◆ EXERCISE PROMPT ◆
Set down, please, the line that contains "Women's Autumn Striped" and every line that follows it to the end of the records, exactly; do not include pictures.

◆ DATA TO USE ◆
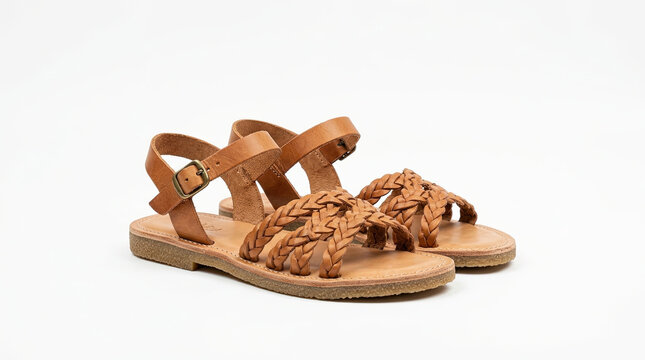 Braided leather sandals isolated on white background. Pair of brown woven flat summer shoes. Fashionable female footwear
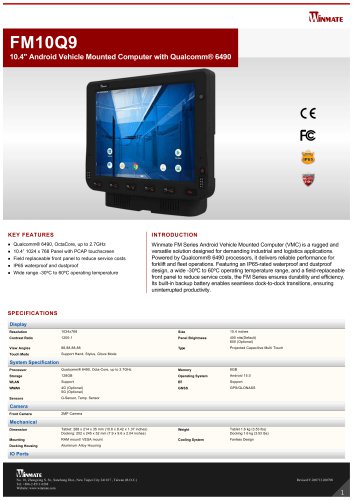 10.4" Android Vehicle Mounted Computer with Qualcomm® 6490 FM10Q9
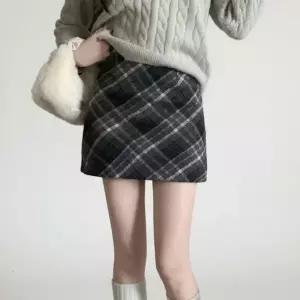 CCK194B여성용 일상 스타일 체크 패턴 미니 스커트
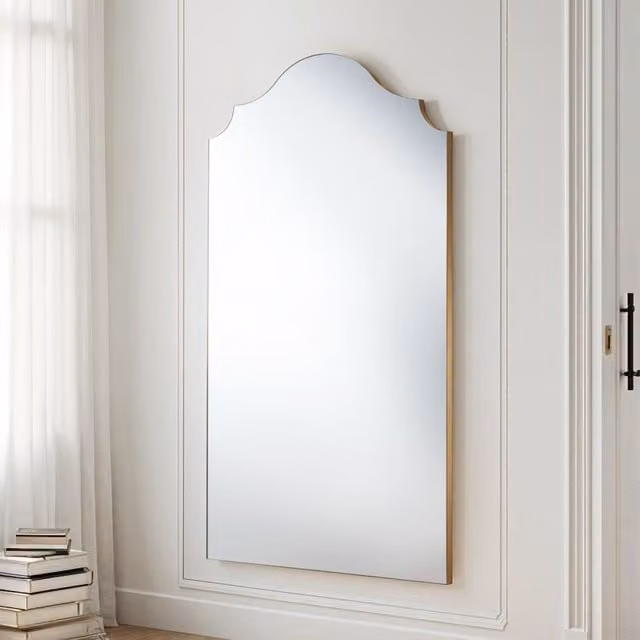 Yearn Precious Curved Arched Full Length Wall Mirror in Gold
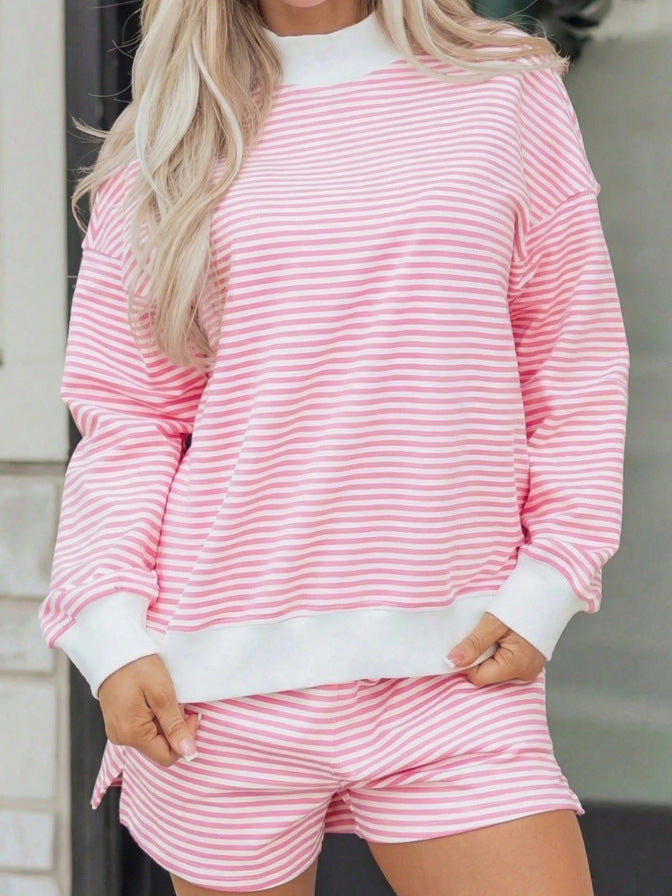 Women's Autumn Striped Loose Oversized Collar Cotton Fashion Casual Suit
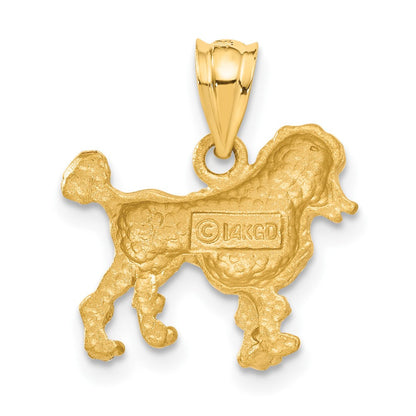 14K Gelbgold Pudel-Hund-Charm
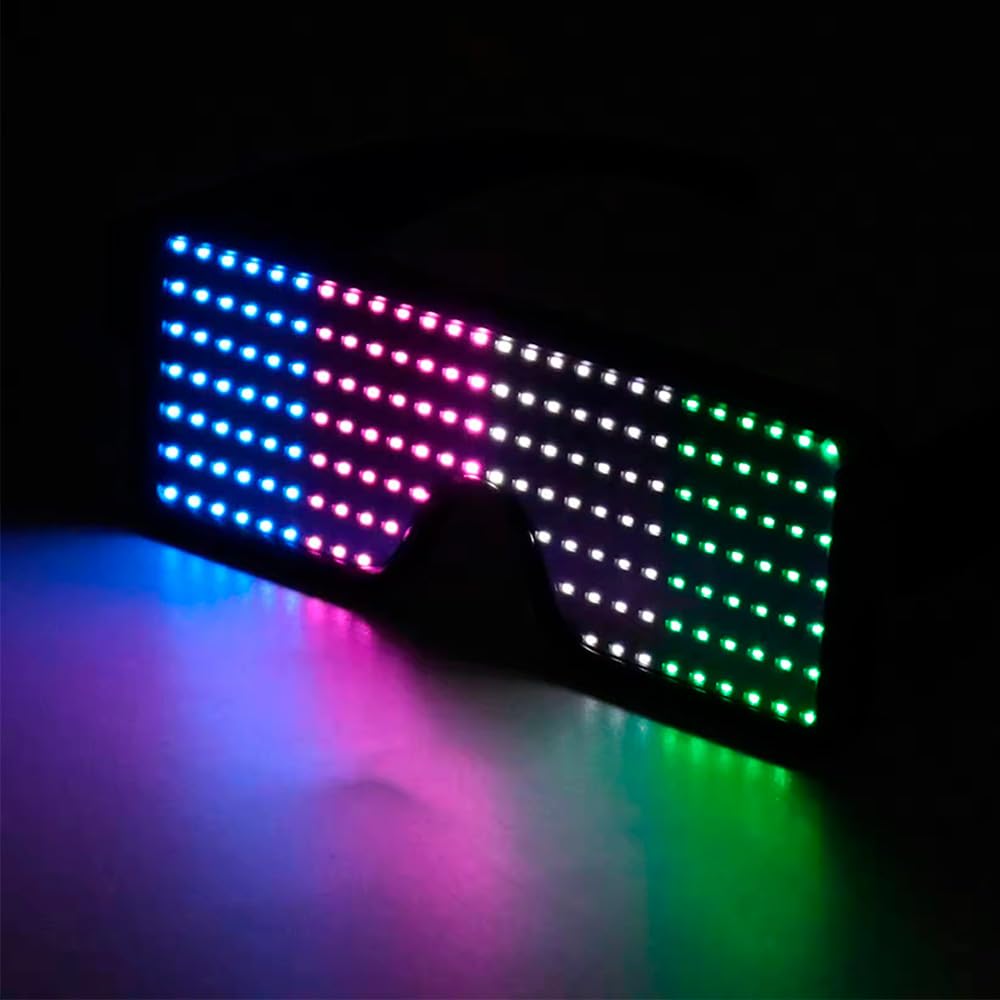 LED Glasses – Light Up Sunglasses for Raves & Parties, USB Rechargeable Neon Glow with 11 Flashing Modes (Multicolor)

◆ RESULT ◆
 Women's Autumn Striped Loose Oversized Collar Cotton Fashion Casual Suit
 14K Gelbgold Pudel-Hund-Charm
 LED Glasses – Light Up Sunglasses for Raves & Parties, USB Rechargeable Neon Glow with 11 Flashing Modes (Multicolor)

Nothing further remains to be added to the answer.